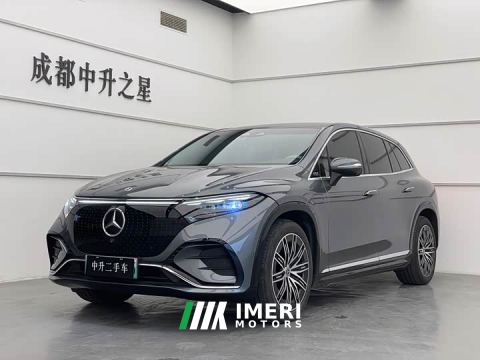 2023 Mercedes-Benz Mercedes-EQS SUV 450 4MATIC Luxury - car from China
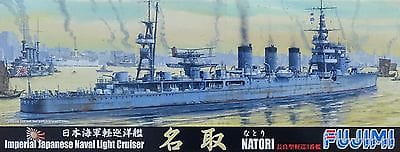IJN Light Cruiser Natori 1:700 Fujimi 401201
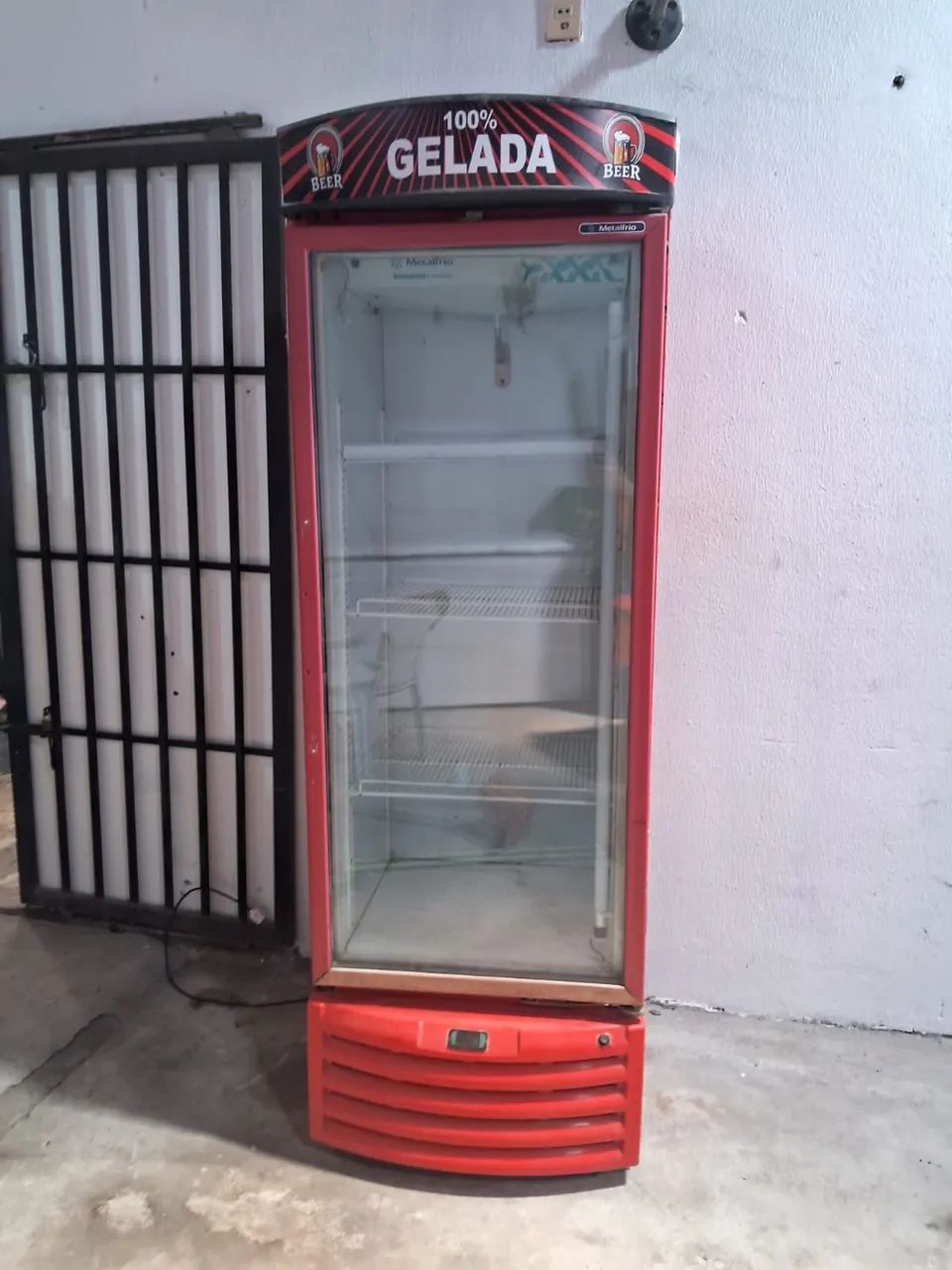 Refrigerador Expositor Vertical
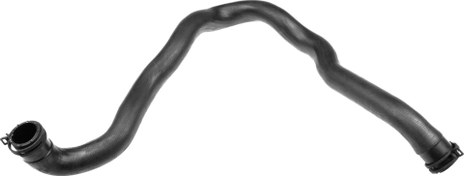 Resim RAPRO 28666 | Radyatör Hortumu Üst 13-19 A-Seri (W176) B-Seri (W246) 862mm 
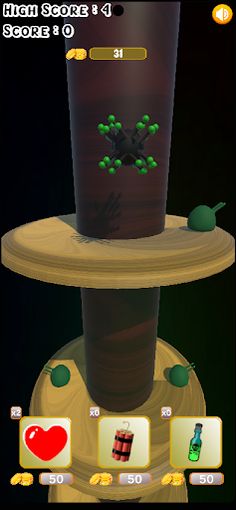 Alien Helix - Screenshot 4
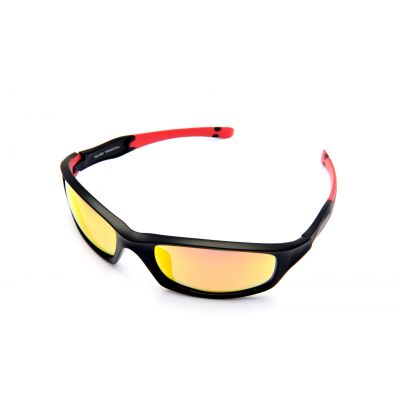 Wrap Around Sports Polarized Sunglasses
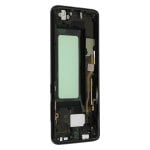 Samsung Original Schwarz Kompletter Gehäuseersatz für Samsung Galaxy S8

(EXERCISE DETAILS)
The answer must be an exact copy of the lines from the one containing "Alien Helix - Screenshot 4" through the last line of the records, and nothing else. Pictures do not belong in it.

(RESPONSE)
 Alien Helix - Screenshot 4
 Wrap Around Sports Polarized Sunglasses
 Samsung Original Schwarz Kompletter Gehäuseersatz für Samsung Galaxy S8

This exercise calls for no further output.